Hukrim

Idrus Marham dan Sofyan Basir di Pusaran 'Sengat' PLTU Riau-1

Direktur PT PLN Sofyan Basir saat selesai diperiksa KPK sebagai saksi dalam kasus dugaan suap proyek PLTU Riau-I, akhir pekan lalu.

GILANGNEWS.COM - Menteri Sosial Idrus Marham dan Direktur Utama Perusahaan Listrik Negara (PLN) Sofyan Basir menjadi saksi yang paling awal diperiksa Komisi Pemberantasan Korupsi (KPK) dalam penyidikan dugaan suap terkait kesepakatan kontrak kerja sama pembangunan Pembangkit Listrik Tenaga Uap (PLTU) Riau-I.

Dalam kasus dugaan suap PLTU Riau-I itu, lembaga antirasuah telah menetapkan Wakil Ketua Komisi VII DPR fraksi Partai Golkar, Eni Maulani Saragih dan pemegang saham Blackgold Natural Recourses Limited, Johannes B Kotjo sebagai tersangka.

Idrus diperiksa pada Kamis pekan lalu, sebagai saksi untuk Eni Saragih dan Johannes Kotjo. Sehari berikutnya giliran Sofyan yang diperiksa sebagai saksi. Bos perusahaan listrik milik negara itu dikorek keterangannya untuk Kotjo.

KPK mendalami peran keterlibatan Idrus dan Sofyan usai pengungkapan kasus operasi tangkap tangan (OTT) yang menjerat Eni dan Kotjo, pada Jumat (13/7) lalu.

Eni ditangkap Tim Satgas KPK di rumah dinas Idrus, kawasan Widya Chandra sekitar pukul 15.21 WIB. Saat itu Eni disebut datang untuk menghadiri acara ulang tahun anak Idrus.

Eni diduga tengah menunggu uang sebesar Rp500 juta yang dibawa keponakannya Tahta Maharaya usai mengambilnya dari staf Kotjo di Graha BIP.

Sehari setelah Eni dan Kotjo ditetapkan sebagai tersangka, tepatnya Minggu (15/7), rumah pribadi Sofyan 'diacak-acak' penyidik KPK. Saat itu, penyidik menyita sejumlah dokumen terkait proyek PLTU Riau-I dan kamera CCTV.

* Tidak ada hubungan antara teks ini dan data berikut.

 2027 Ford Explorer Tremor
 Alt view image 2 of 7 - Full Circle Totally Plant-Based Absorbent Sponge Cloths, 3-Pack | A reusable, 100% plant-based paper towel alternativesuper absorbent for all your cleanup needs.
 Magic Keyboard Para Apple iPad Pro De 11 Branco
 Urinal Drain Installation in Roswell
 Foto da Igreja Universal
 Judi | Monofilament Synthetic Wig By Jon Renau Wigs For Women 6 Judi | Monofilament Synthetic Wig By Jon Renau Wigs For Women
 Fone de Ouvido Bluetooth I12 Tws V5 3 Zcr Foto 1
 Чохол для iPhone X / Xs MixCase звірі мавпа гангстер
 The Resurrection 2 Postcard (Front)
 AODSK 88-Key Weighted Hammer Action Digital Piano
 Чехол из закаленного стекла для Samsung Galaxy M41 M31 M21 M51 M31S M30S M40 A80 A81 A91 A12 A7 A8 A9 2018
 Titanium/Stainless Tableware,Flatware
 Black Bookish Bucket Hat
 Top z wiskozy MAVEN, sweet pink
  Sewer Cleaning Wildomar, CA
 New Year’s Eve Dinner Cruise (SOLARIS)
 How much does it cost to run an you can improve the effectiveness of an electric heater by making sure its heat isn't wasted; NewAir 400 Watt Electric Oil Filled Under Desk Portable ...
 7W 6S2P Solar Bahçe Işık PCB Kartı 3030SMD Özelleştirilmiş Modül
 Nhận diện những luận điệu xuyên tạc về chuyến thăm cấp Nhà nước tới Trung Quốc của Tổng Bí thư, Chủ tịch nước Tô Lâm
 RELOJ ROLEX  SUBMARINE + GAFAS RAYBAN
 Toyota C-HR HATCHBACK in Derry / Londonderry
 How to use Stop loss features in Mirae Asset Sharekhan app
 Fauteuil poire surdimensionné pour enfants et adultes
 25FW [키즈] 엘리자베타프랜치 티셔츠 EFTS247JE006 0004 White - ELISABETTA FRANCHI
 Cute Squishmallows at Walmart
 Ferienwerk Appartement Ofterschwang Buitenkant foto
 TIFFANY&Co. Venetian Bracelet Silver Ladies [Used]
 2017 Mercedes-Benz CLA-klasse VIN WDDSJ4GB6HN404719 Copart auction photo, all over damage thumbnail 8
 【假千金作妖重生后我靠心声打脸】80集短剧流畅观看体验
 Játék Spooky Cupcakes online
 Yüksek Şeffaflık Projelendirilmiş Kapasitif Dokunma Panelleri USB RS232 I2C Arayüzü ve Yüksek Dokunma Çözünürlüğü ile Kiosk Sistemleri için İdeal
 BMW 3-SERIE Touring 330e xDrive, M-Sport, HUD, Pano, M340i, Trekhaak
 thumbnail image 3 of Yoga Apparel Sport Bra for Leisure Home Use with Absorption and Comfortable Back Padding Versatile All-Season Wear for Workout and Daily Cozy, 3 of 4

Usai menggeledah rumah pribadi Sofyan, penyidik KPK kemudian mencari 'jejak' proyek PLTU Riau-I lainnya di kantor pusat PT PLN, Senin (16/7). Di sana penyidik menyasar ruang kerja Sofyan. Penyidik turut menyita dokumen terkait proyek PLTU Riau-I senilai US$900 juta.

Tak hanya kantor pusat PLN, berturut-turut penyidik KPK menggeledah ruang kerja Eni, apartemen Kotjo di kawasan Kuningan, Jakarta Selatan, kantor PT Pembangkitan Jawa-Bali, hingga rumah pribadi Eni di kawasan Tangerang, Banten.

Saling Kenal

Idrus usai diperiksa pada Kamis (19/7), mengakui sudah kenal lama dengan Kotjo, yang juga Bos Apac Group. Selain kenal lama dengan Kotjo, Idrus mengaku cukup dekat dengan Eni, yang sama-sama dari Golkar.

"Jadi ini semua teman saya, Pak Johannes juga teman, sudah lama kenal. Ibu Eni apalagi itu adik saya. Kemudian saya kenal, memang kenal," kata Idrus di Gedung KPK, Jakarta.

Idrus dimintai keterangan dalam kapasitasnya sebagai Sekretaris Jenderal Partai Golkar. Ia diperiksa oleh penyidik KPK cukup lama, sekitar 11 jam. Idrus tiba di Gedung KPK sekitar pukul 10.00 WIB dan baru keluar dari ruang pemeriksaan sekitar pukul 20.45 WIB.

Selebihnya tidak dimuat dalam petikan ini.